16. Ceza Dairesi 2018/2185 E. , 2018/2631 K.
"İçtihat Metni"
Mahkemesi :Ceza Dairesi Suç : Silahlı terör örgütüne üye olma Hüküm : TCK’nın 314/2, 3713 sayılı Kanunun 5/1., TCK’nın 62,53, 58/9, 63. maddeleri uyarınca kurulan mahkumiyet hükmüne yönelik İstinaf Başvurusunun Esastan Reddi
Bölge Adliye Mahkemesince verilen hüküm temyiz edilmekle; Temyiz edenlerin sıfatı, başvurunun süresi, kararın niteliği ve temyiz sebebine göre yapılan temyiz incelemesi sonunda dosya incelenerek gereği düşünüldü; Sanık hakkında tayin olunan cezanın süresi itibariyle yasal şartları oluşmadığından, sanık müdafiinin duruşma isteminin CMK"nın 299. maddesi gereğince REDDİNE, Temyiz talebinin reddi nedenleri bulunmadığından işin esasına geçildi; Vicdani kanının oluştuğu duruşma sürecini yansıtan tutanaklar, belgeler ve gerekçe içeriğine göre yapılan incelemede; Silahlı terör örgütüne üye olma suçu temadi eden suçlardan olup yakalanma ile temadi kesileceğinden, Bölge Adliye Mahkemesinin gerekçeli karar başlığında suç tarihinin "03.08.2016" yerine “07.12.2016” olarak yazılması mahallinde düzeltilebilir yazım hatası kabul edilmiştir.

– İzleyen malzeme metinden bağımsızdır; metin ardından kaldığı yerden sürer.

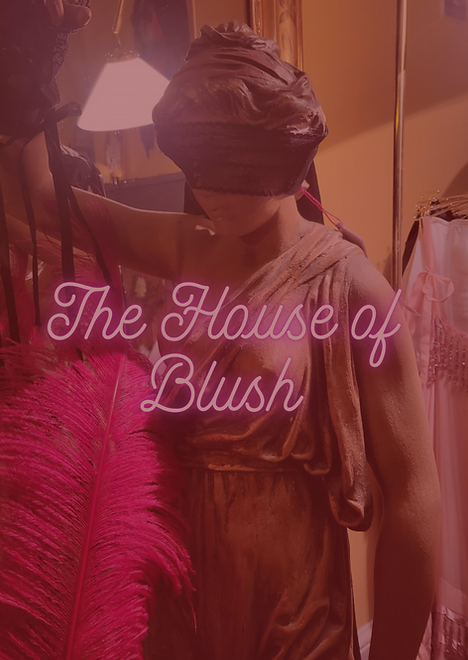House of Blush.png
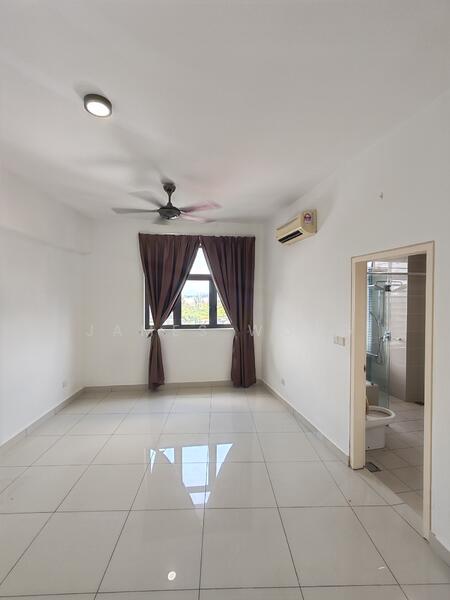 Untuk Disewa - Mirage By The Lake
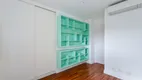 Foto 80 de Apartamento com 3 Quartos à venda, 222m² em Campo Belo, São Paulo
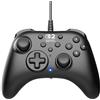 HORI SWITCH 2/SWITCH/PC Controller Wired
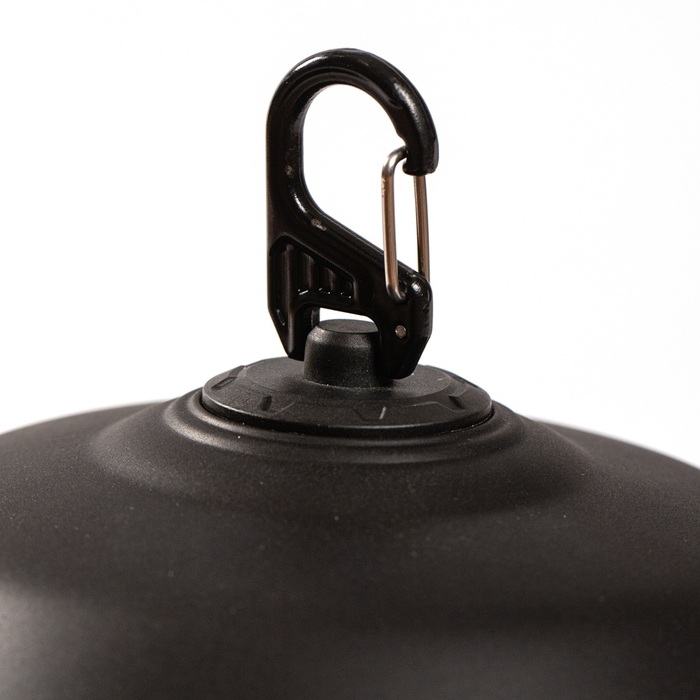 Ліхтар знищувач комарів Ranger Spiral (Арт. RA 9959)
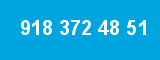 918 372 48 51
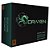 Fonte Gamer Atx 500w 80 Plus Bronze PFC Ativo Draxen DN500 - Imagem 3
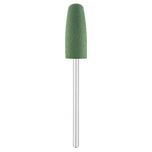 EXO RUBBERBIT GROEN CILINDER ROND Ø8.0MM / 320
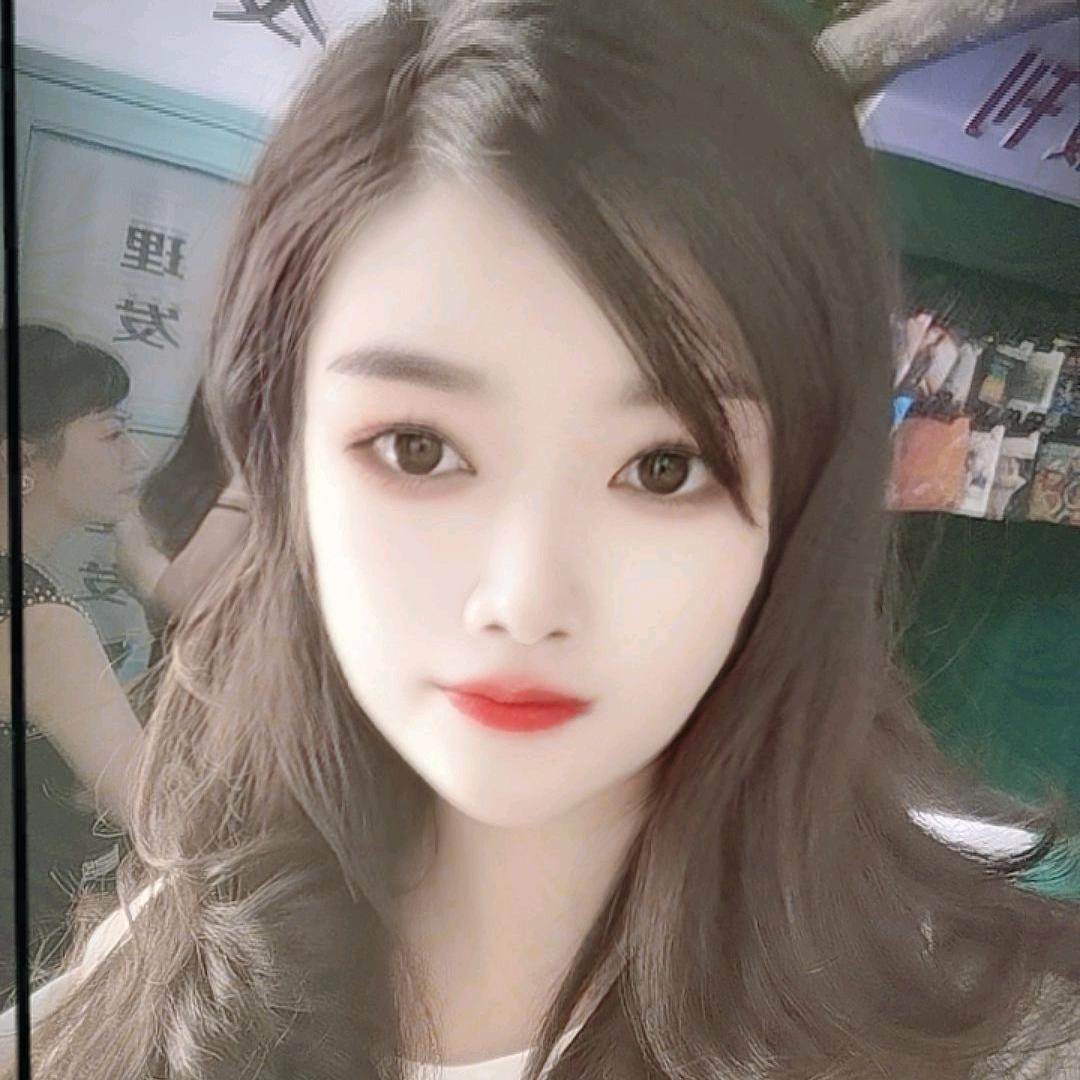 贝贝～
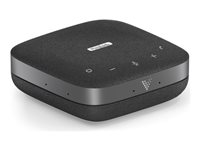 PureLink Vuelogic VL-SD200 Højttalerdock Sort Grå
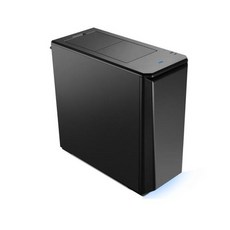 phanteks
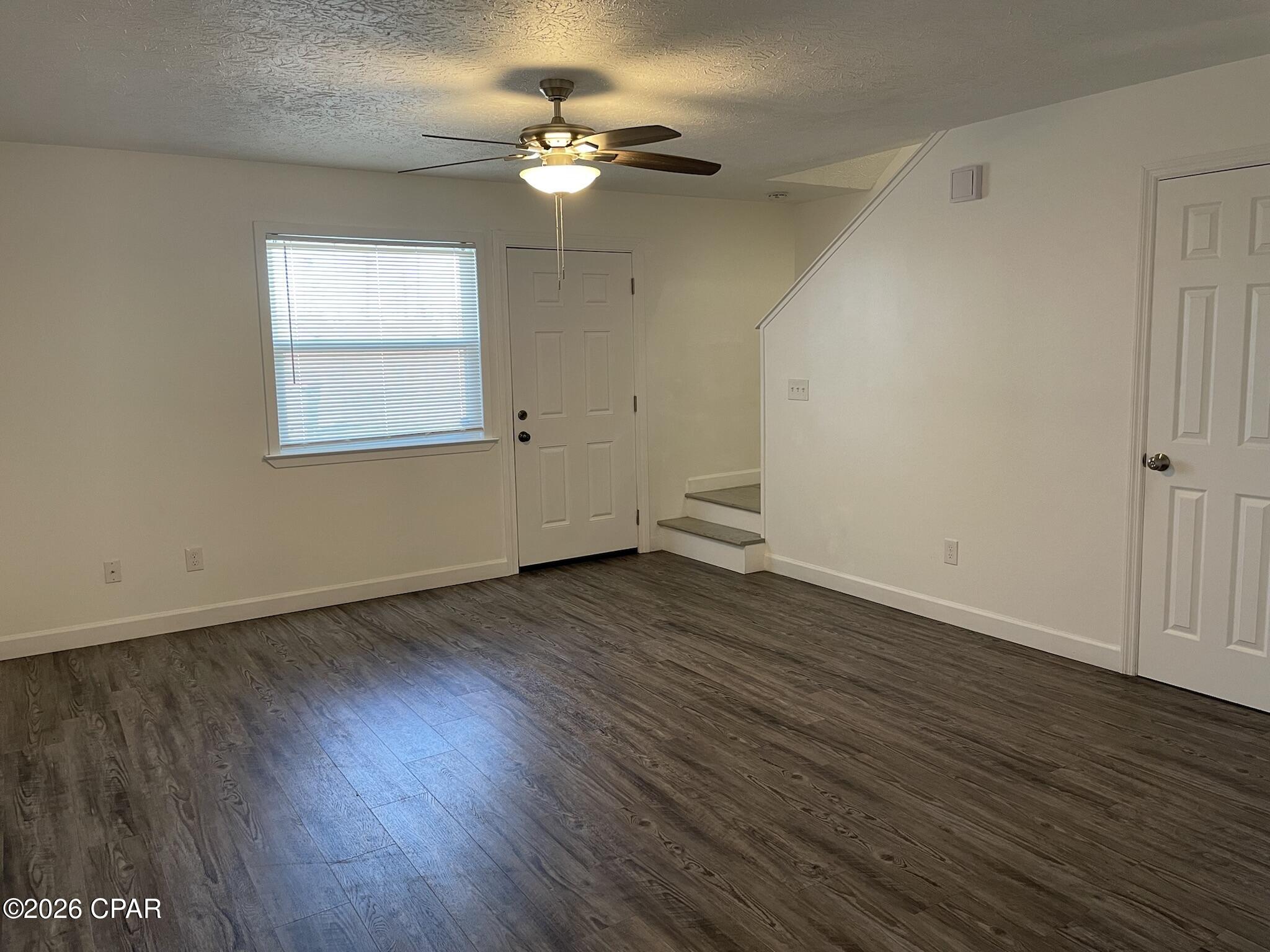 Image 2 For 2712 17th Street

Yargılama sürecindeki usuli işlemlerin kanuna uygun olarak yapıldığı, hükme esas alınan tüm delillerin hukuka uygun olarak elde edildiğinin belirlendiği aşamalarda ileri sürülen iddia ve savunmaların temyiz denetimini sağlayacak biçimde eksiksiz olarak sergilendiği, özleri değiştirmeksizin tartışıldığı, vicdani kanının kesin, tutarlı ve çelişmeyen verilere dayandırıldığı, eylemlerin doğru olarak nitelendirildiği ve kanunda öngörülen suç tipine uyduğu, yaptırımların kanuni bağlamda şahsileştirilmek suretiyle uygulandığı anlaşılmakla; sanık ve müdafiinin temyiz dilekçelerinde ileri sürdükleri nedenler yerinde görülmediğinden CMK’nın 302/1. maddesi gereğince temyiz davasının esastan reddiyle hükmün ONANMASINA, 17.09.2018 tarihinde oybirliğiyle karar verildi.